● **WORK ITEM**:
Begin at the line below that holds "Abstract composition cutting" and end at the line that holds "Hopeslop screenprint-style editorial", transcribing each line exactly and skipping any picture.

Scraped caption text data

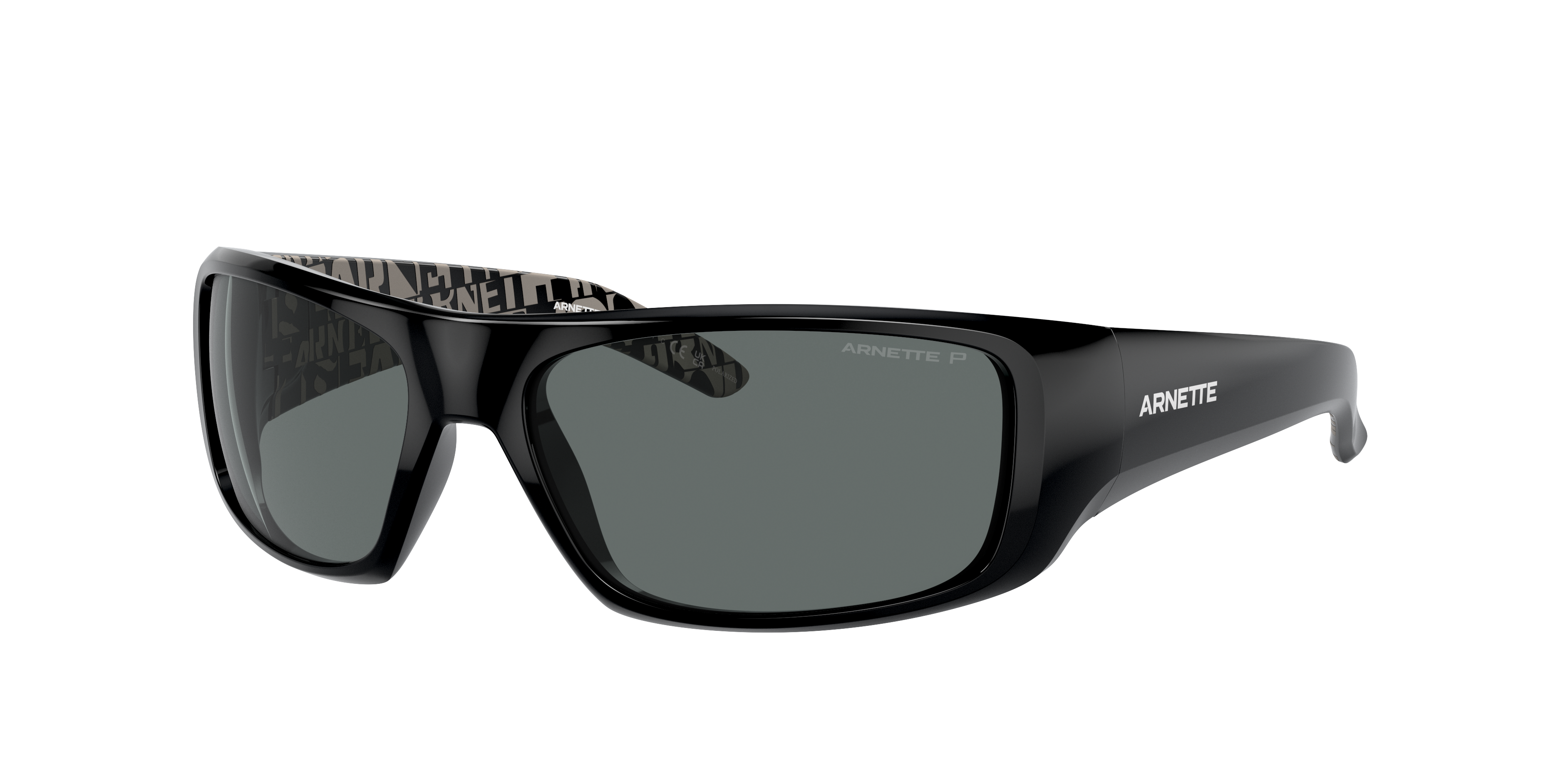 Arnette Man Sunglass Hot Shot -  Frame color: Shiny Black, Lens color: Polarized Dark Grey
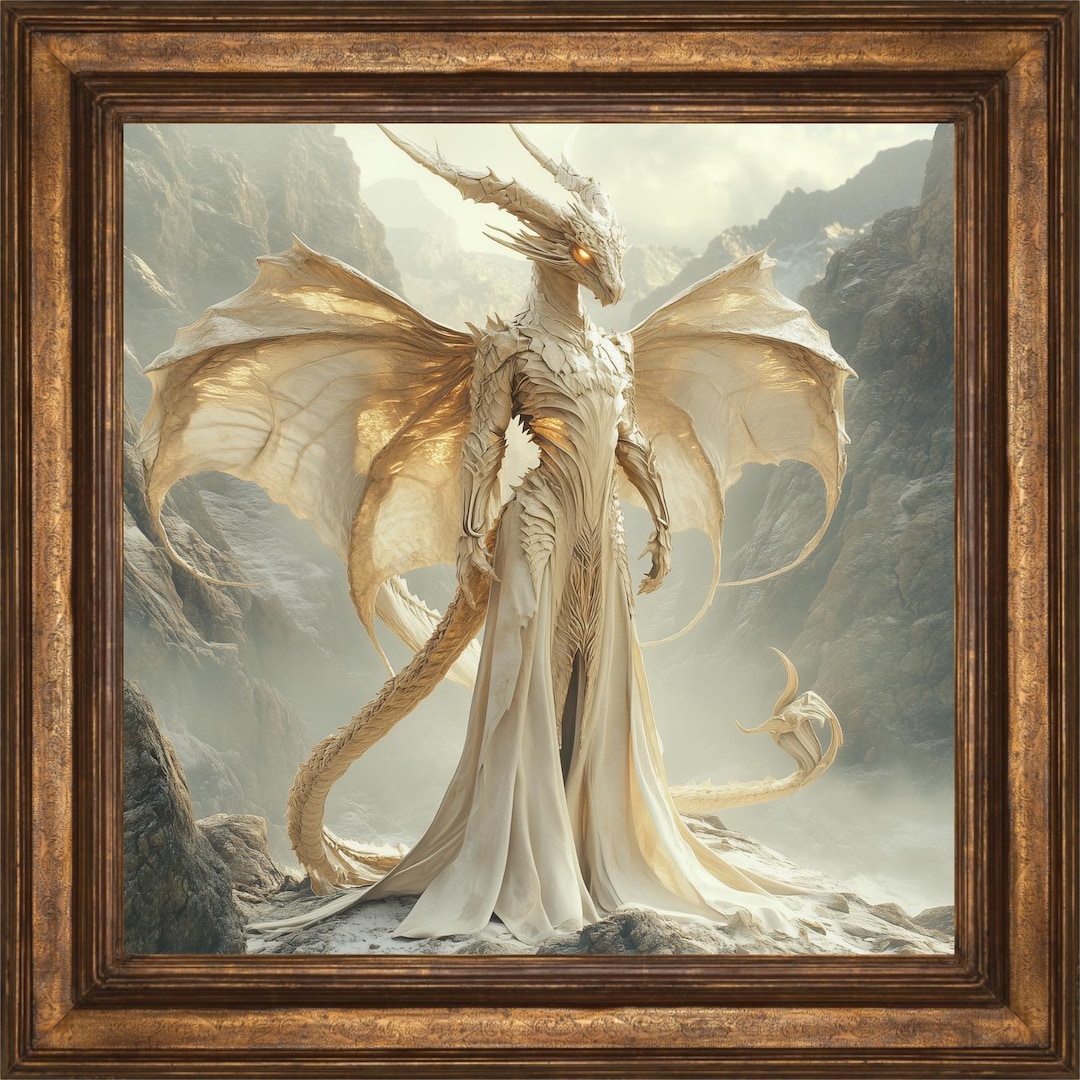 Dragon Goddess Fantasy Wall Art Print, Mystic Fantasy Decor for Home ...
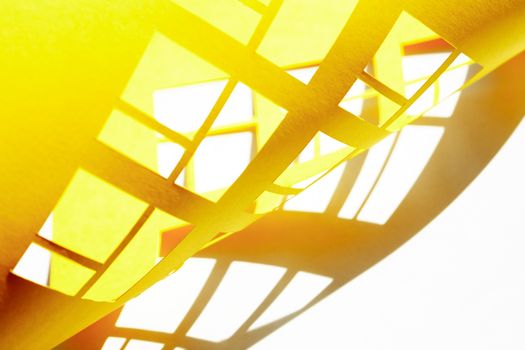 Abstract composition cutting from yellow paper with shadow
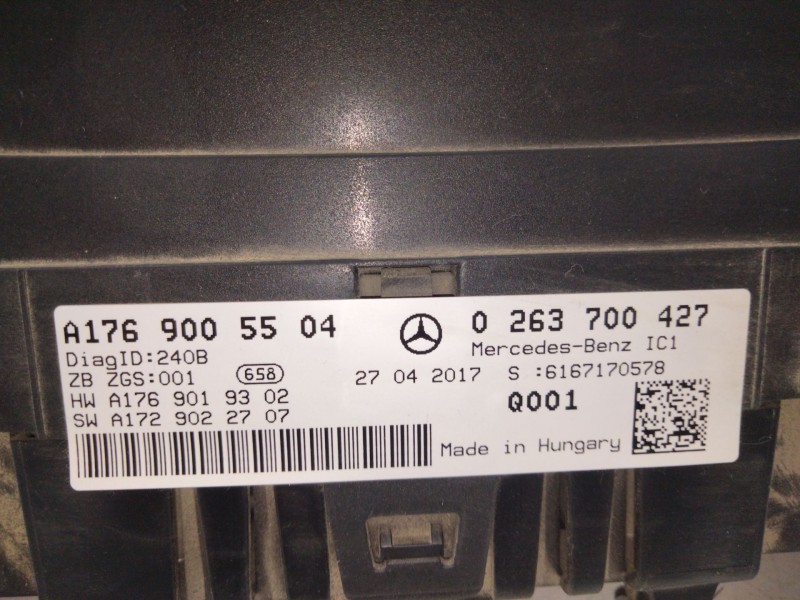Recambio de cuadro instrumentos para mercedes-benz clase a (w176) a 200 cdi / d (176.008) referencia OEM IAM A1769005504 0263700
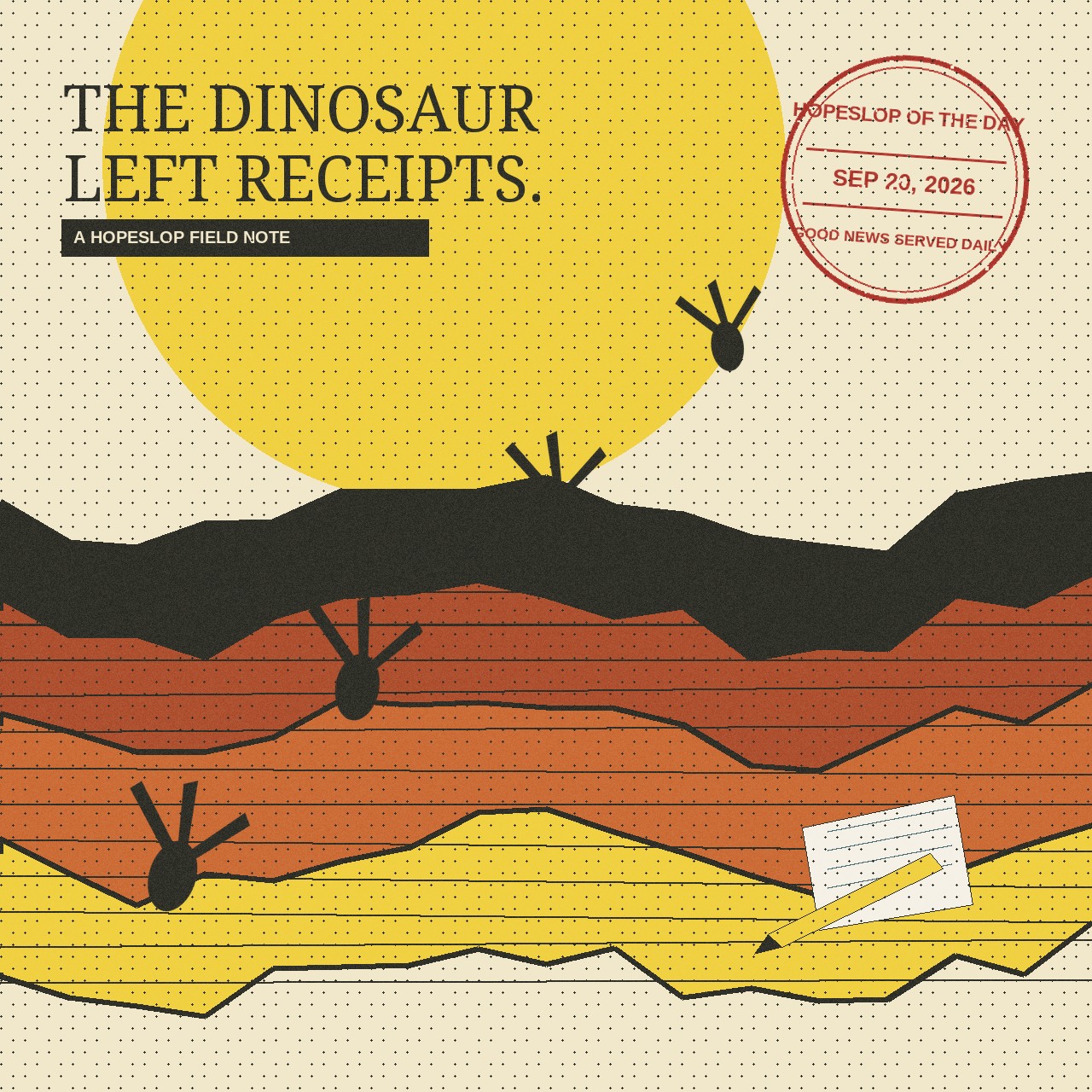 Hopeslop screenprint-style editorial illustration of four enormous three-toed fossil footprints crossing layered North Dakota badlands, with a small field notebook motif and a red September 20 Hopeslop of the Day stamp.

* * *

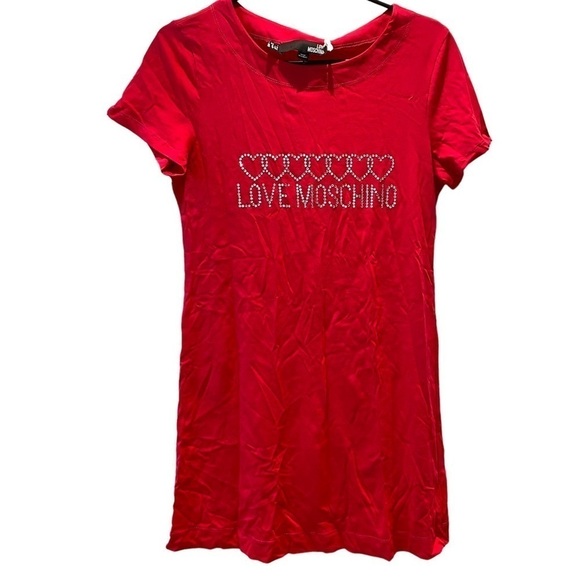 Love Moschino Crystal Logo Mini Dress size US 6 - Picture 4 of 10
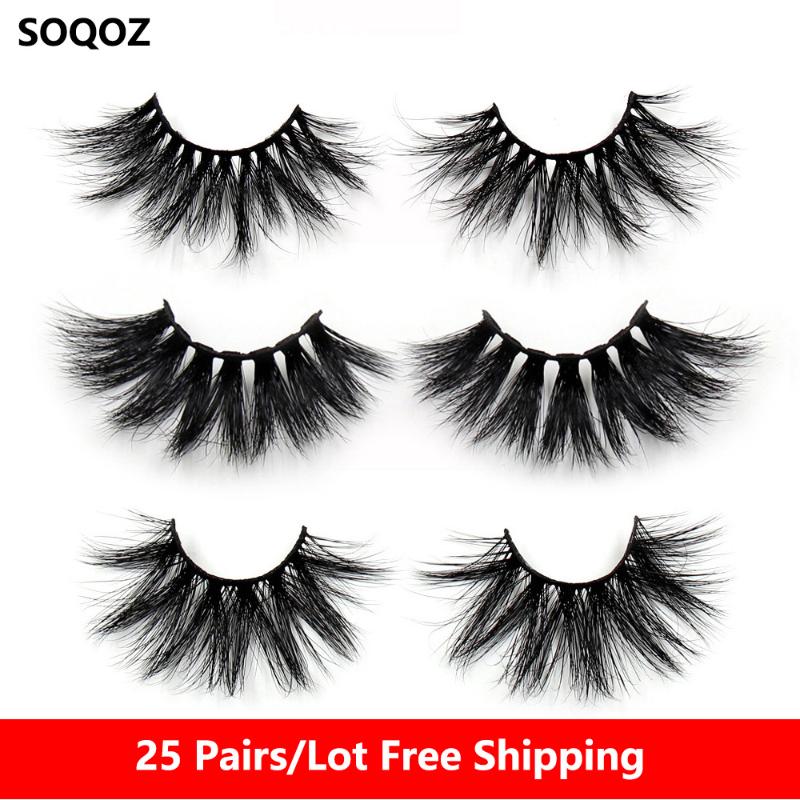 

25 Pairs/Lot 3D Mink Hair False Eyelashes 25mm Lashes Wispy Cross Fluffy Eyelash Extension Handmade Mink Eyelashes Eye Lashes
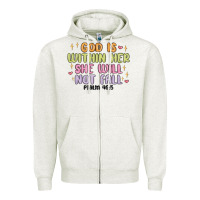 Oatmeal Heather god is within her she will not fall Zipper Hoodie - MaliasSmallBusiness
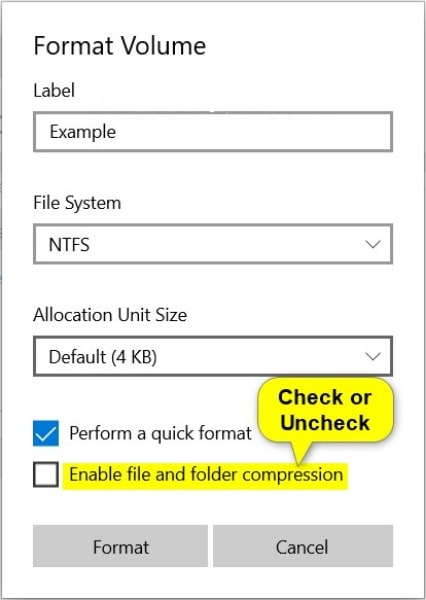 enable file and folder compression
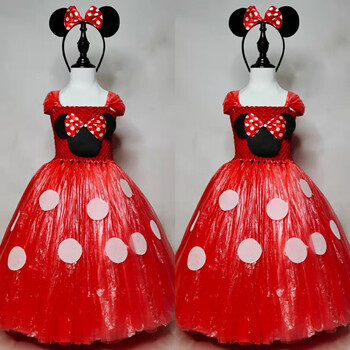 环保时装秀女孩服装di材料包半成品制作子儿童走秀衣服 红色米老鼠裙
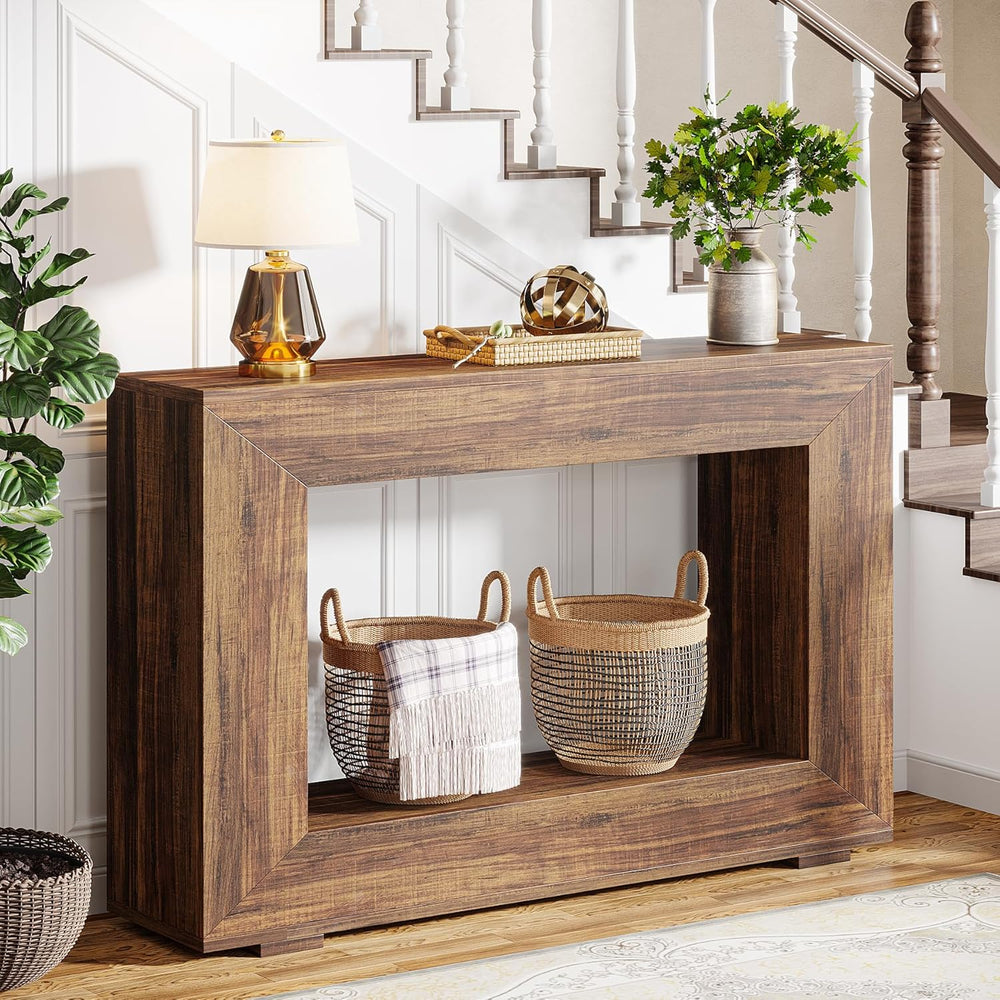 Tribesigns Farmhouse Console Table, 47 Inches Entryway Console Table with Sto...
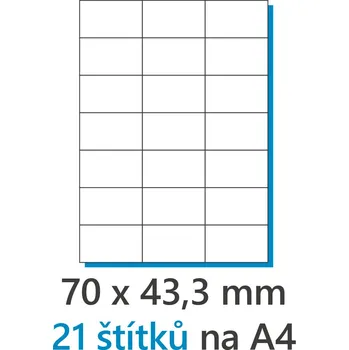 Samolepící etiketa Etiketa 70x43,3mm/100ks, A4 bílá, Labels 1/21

● **EXPECTED ANSWER**:
 Abstract composition cutting from yellow paper with shadow
Recambio de cuadro instrumentos para mercedes-benz clase a (w176) a 200 cdi / d (176.008) referencia OEM IAM A1769005504 0263700
 Hopeslop screenprint-style editorial illustration of four enormous three-toed fossil footprints crossing layered North Dakota badlands, with a small field notebook motif and a red September 20 Hopeslop of the Day stamp.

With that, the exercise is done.